=== WORK REQUEST ===
At the line containing "Home Design 3D GOLD icon", begin an exact copy of the lines below and continue through the final one, with no pictures.
┌─ DATA PROVIDED
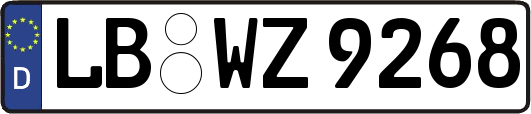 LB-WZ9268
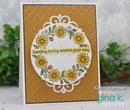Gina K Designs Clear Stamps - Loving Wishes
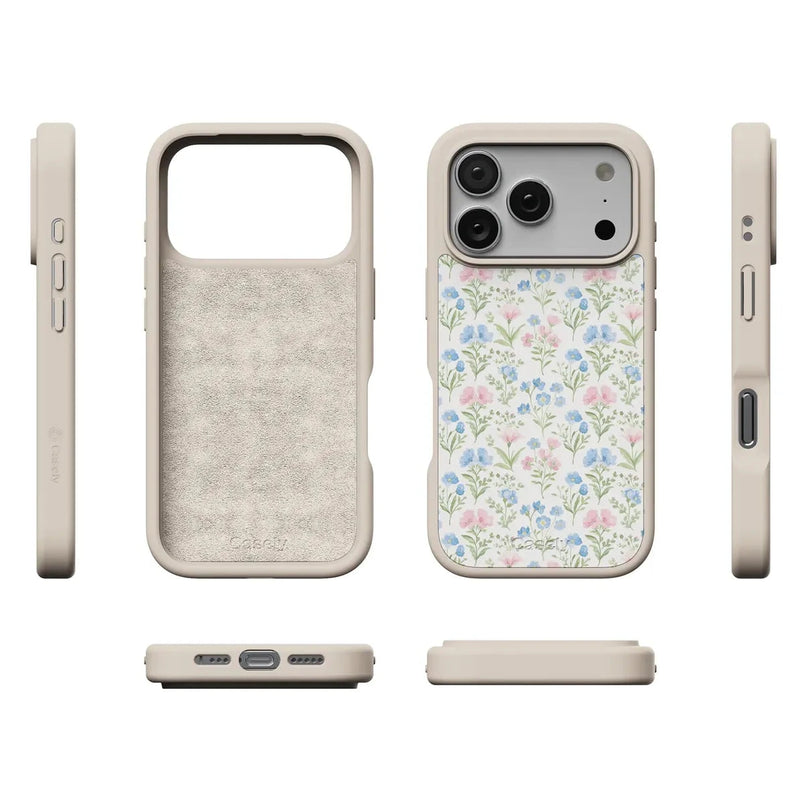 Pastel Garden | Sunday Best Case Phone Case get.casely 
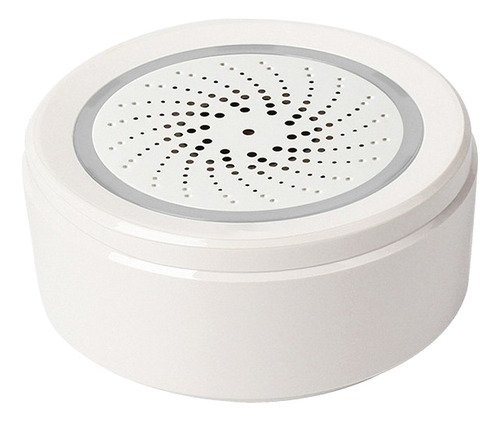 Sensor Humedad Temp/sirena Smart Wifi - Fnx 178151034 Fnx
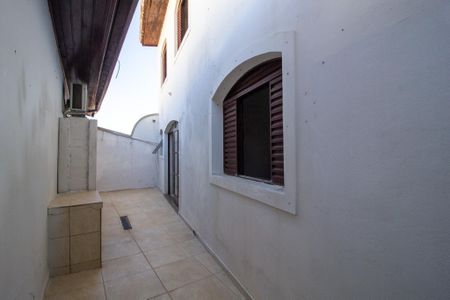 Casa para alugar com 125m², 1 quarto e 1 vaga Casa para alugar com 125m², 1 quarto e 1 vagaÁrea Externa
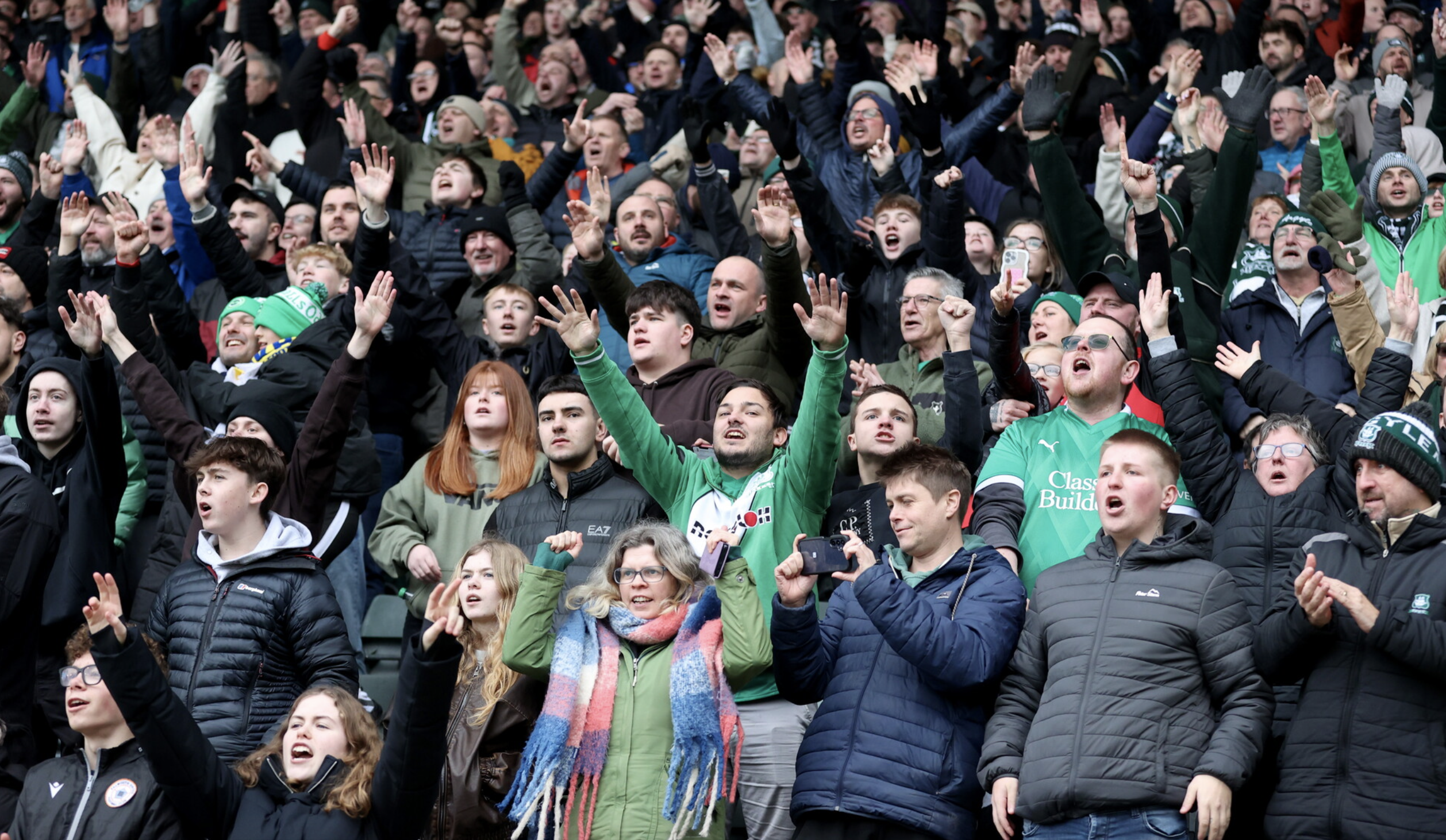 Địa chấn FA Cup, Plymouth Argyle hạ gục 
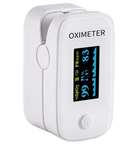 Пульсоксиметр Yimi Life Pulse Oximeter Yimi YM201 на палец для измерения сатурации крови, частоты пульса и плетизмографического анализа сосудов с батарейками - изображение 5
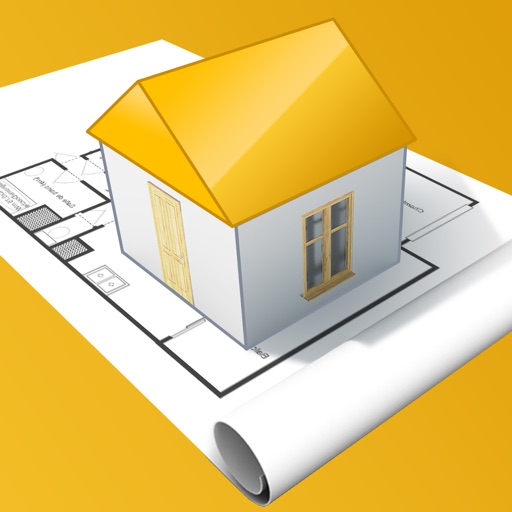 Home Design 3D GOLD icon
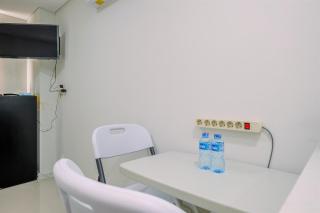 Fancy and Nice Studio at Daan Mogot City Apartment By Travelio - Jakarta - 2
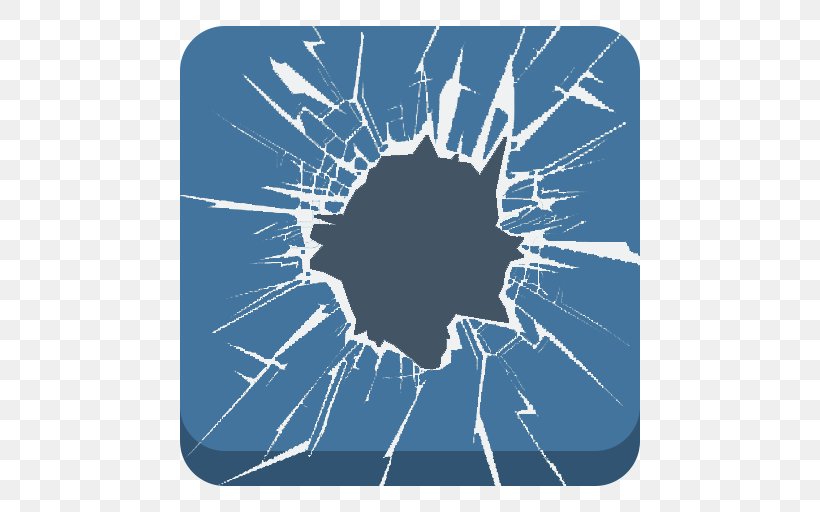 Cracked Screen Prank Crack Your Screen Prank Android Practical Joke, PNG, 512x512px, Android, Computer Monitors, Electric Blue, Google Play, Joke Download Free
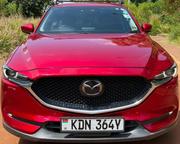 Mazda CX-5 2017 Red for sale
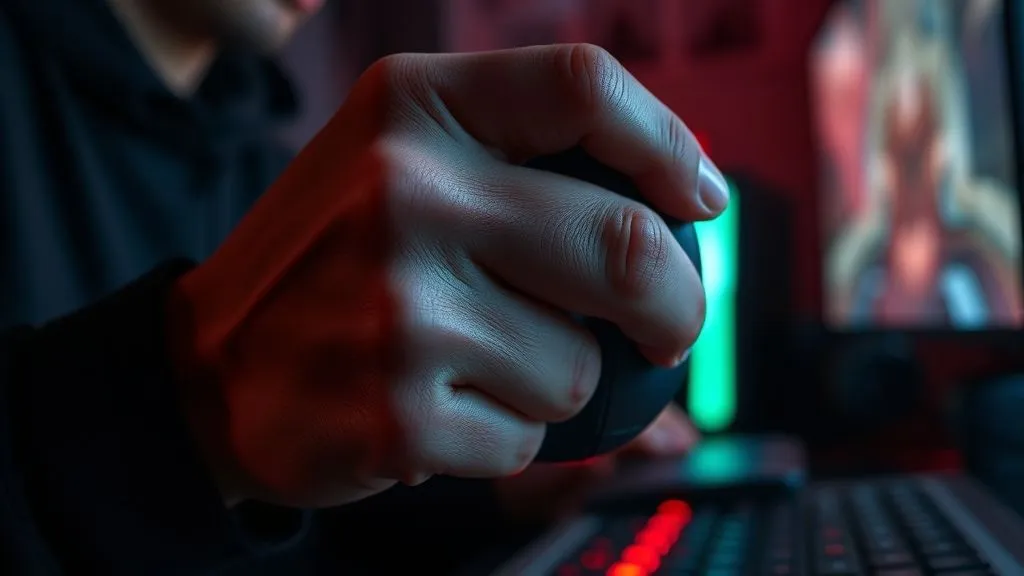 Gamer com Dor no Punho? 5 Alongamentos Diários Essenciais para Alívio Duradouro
└─
=== ANSWER BOX ===
 Home Design 3D GOLD icon
 Fancy and Nice Studio at Daan Mogot City Apartment By Travelio - Jakarta - 2
 Cracked Screen Prank Crack Your Screen Prank Android Practical Joke, PNG, 512x512px, Android, Computer Monitors, Electric Blue, Google Play, Joke Download Free
 Mazda CX-5 2017 Red for sale
 Gamer com Dor no Punho? 5 Alongamentos Diários Essenciais para Alívio Duradouro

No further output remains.